La “risposta di Dio” alla necessità delle genti amazzoniche
Chiaro il cardinale Peter Turkson, presidente del Pontificio consiglio della Giustizia e della Pace, che nel suo intervento ha sottolineato come «è in gioco la difesa della vita di svariate comunità che, sommate, rappresentano oltre 30 milioni di persone. Esse sono minacciate dall’inquinamento, dal radicale e rapido cambiamento dell’ecosistema dal quale dipendono e dalla mancata tutela di fondamentali diritti umani. Si potrebbe anche aggiungere certi desideri di sperimentazione in questa zona, nella foresta, di nascosto agli occhi del mondo».
La regione amazzonica – vasta sei milioni di km quadrati, tra Guyana, Suriname e Guyana Francese, Venezuela, Ecuador, Colombia, Bolivia, Perù, Brasile – esige un impegno nuovo. Monsignor Pedro Ricardo Barreto Jimeno, arcivescovo di Huancayo in Perù e presidente del Dipartimento di giustizia e solidarietà del Consiglio episcopale latinoamericano ne è convinto, ribadendo che la REPAM «è qualcosa che va al di là di una semplice rete digitale: è l’incontro fra persone diverse nell’ampio territorio amazzonico.
La REPAM è stata creata come risposta di Dio, organica e articolata, a questa necessità sentita e urgente di proteggere la vita delle persone, affinché vivano in armonia con la natura […] Riaffermiamo dalla REPAM quello che dice Papa Francesco: la Chiesa non è presente in Amazzonia come coloro che hanno già pronte le valigie per andarsene, dopo averla sfruttata. Sin dal principio è presente con missionari, congregazioni religiose, vescovi, sacerdoti e laici e la sua presenza è fondamentale per il futuro della zona».

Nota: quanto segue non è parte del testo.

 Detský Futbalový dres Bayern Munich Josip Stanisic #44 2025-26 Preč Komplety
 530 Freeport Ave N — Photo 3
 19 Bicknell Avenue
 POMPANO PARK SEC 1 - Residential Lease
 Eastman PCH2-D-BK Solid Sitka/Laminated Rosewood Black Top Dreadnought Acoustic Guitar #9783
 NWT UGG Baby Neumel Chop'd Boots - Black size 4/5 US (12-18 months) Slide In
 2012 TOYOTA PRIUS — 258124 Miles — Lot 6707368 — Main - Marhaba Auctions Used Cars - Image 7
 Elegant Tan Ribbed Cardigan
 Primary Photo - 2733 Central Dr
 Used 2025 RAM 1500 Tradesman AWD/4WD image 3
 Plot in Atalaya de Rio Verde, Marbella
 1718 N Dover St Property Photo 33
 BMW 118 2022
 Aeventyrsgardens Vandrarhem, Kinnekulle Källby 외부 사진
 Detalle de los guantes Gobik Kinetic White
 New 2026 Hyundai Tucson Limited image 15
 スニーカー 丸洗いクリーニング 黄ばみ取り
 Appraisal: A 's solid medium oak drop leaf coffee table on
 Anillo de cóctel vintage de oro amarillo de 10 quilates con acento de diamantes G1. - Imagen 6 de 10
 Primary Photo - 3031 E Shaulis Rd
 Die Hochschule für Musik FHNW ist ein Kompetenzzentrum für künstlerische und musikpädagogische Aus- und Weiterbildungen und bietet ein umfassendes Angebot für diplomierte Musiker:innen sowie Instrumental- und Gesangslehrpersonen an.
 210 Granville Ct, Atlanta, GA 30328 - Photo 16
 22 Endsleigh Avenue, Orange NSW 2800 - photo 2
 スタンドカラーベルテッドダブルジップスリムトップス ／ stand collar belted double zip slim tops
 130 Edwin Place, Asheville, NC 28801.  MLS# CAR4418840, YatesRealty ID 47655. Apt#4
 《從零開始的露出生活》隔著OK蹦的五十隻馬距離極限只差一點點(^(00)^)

Promuovere la cooperazione delle chiese di frontiera in Amazzonia
Padre Sidney Dornelas, missionario scalabriniano intervistato a margine della conferenza stampa romana, collabora nella REPAM come membro della Commissione Episcopale Brasiliana per la Missione continentale. Il nucleo di questo progetto, ci racconta, sta nel promuovere la cooperazione interecclesiale delle chiese di frontiera in Amazzonia (Perù, Colombia e Brasile), fatto che tocca anche le problematiche migratorie che come scalabriniani già affrontiamo da tempo nella missione di Manaus.
Mentre appare già definita ai livelli ecclesiale ed episcopale, la REPAM ha finora incontrato difficoltà a trovare interlocutori a livello locale; e non appare facile neppure la ricerca di fondi, fondamentale per sostenere le varie iniziative. Altri scalabriniani e scalabriniane sono stati coinvolti finora nel cammino, soprattutto nel primo incontro della pastorale sociale sopra i cambiamenti climatici dell’Amazzonia, avvenuta nel settembre 2014 in Brasile e che ha in qualche modo preparato quello avvenuto in questi giorni a Roma.
Le nuove sfide della REPAM
Il lavoro va dunque intensificato e si configura come una delle priorità per il prossimo futuro. Altre sfide che attendono la REPAM sono: la formazione e l’accompagnamento pastorale, l’approfondimento della questione della difesa dei diritti umani fondamentali, il garantire un maggiore protagonismo delle popolazioni locali amazzoniche e, in ultimo, l’articolazione, divulgazione e l’impegno della chiesa locali.
Come scalabriniani la pressione che si sta facendo è quella relativa al tema della migrazione e del rifugio affinché entrino nella agenda della REPAM, magari anche nella prospettiva di un lavoro sinergico con i due centri scalabriniani di Studio di São Paulo e di Buenos Aires che hanno già condotto studi e ricerche a riguardo.